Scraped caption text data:
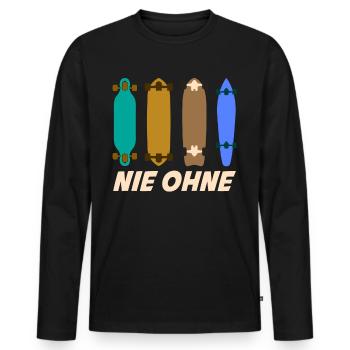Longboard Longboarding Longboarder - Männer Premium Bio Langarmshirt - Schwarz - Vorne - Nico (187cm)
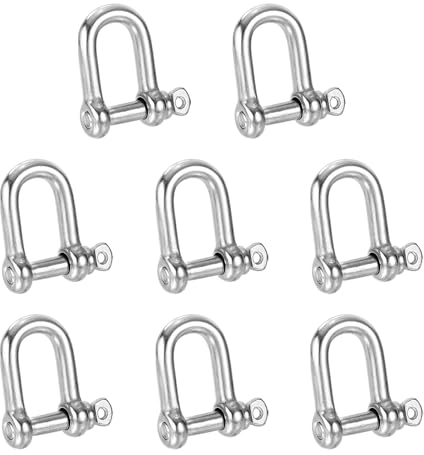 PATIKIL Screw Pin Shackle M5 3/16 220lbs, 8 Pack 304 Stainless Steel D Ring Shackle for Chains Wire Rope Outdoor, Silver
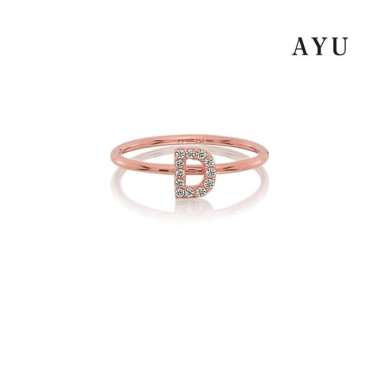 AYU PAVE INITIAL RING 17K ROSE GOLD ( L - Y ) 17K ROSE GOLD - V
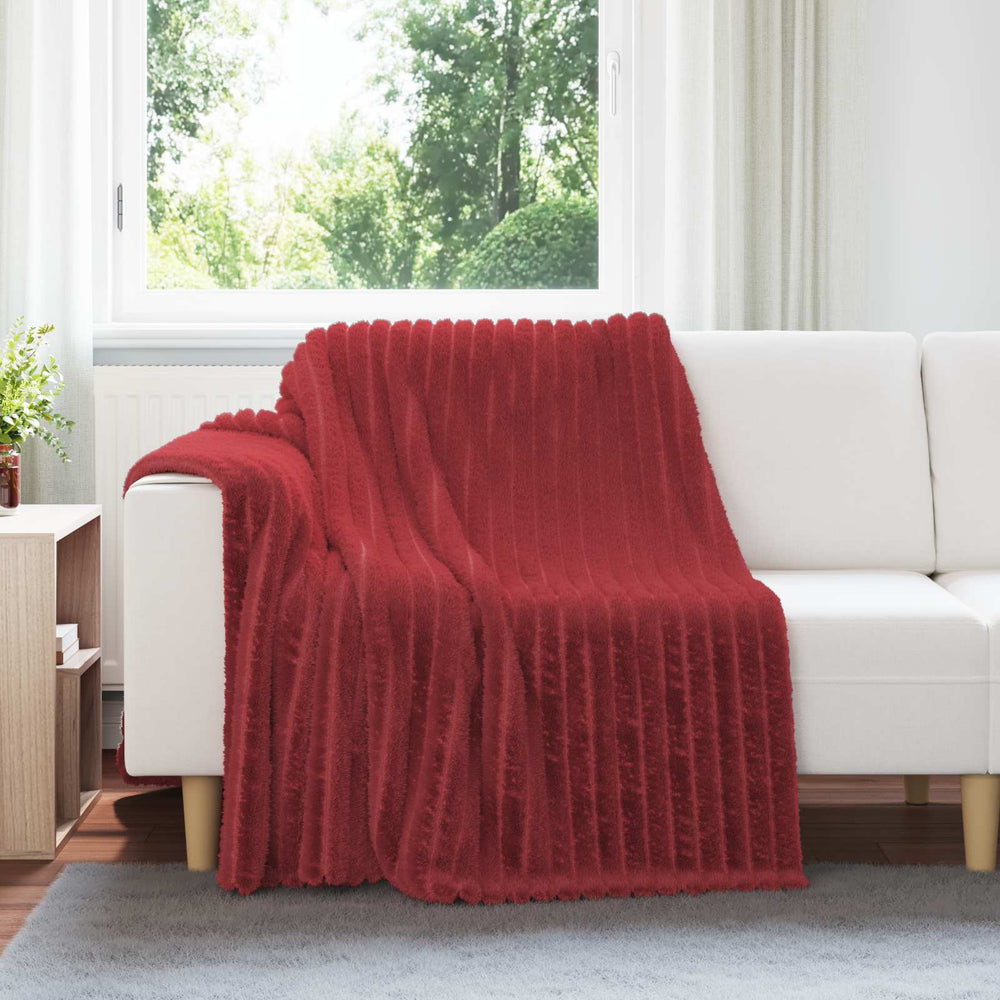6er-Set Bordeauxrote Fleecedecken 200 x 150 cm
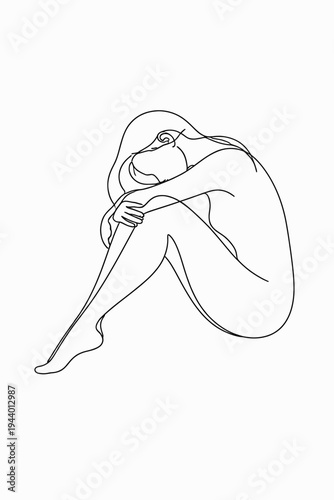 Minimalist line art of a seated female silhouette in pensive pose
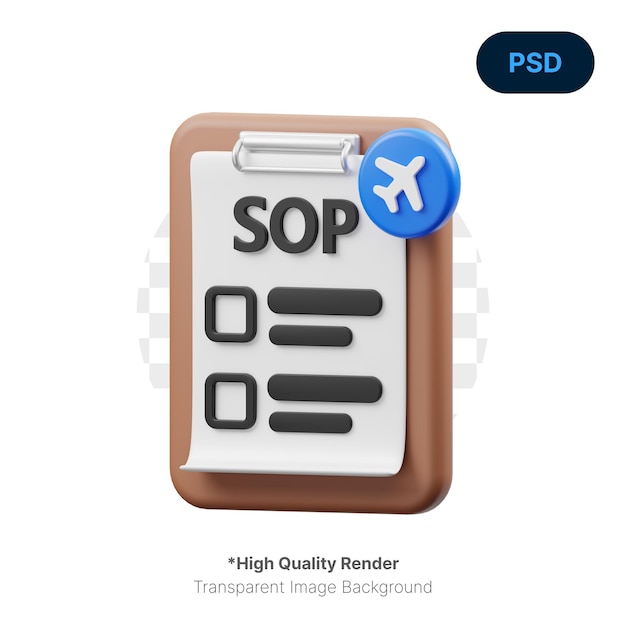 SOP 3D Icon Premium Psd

### [ABOUT THIS EXERCISE]
Set every record down verbatim. No pictures belong in the copy.

### [ANSWER TO THE PROBLEM]
Longboard Longboarding Longboarder - Männer Premium Bio Langarmshirt - Schwarz - Vorne - Nico (187cm)
 PATIKIL Screw Pin Shackle M5 3/16 220lbs, 8 Pack 304 Stainless Steel D Ring Shackle for Chains Wire Rope Outdoor, Silver
 AYU PAVE INITIAL RING 17K ROSE GOLD ( L - Y ) 17K ROSE GOLD - V
6er-Set Bordeauxrote Fleecedecken 200 x 150 cm
 Minimalist line art of a seated female silhouette in pensive pose
 SOP 3D Icon Premium Psd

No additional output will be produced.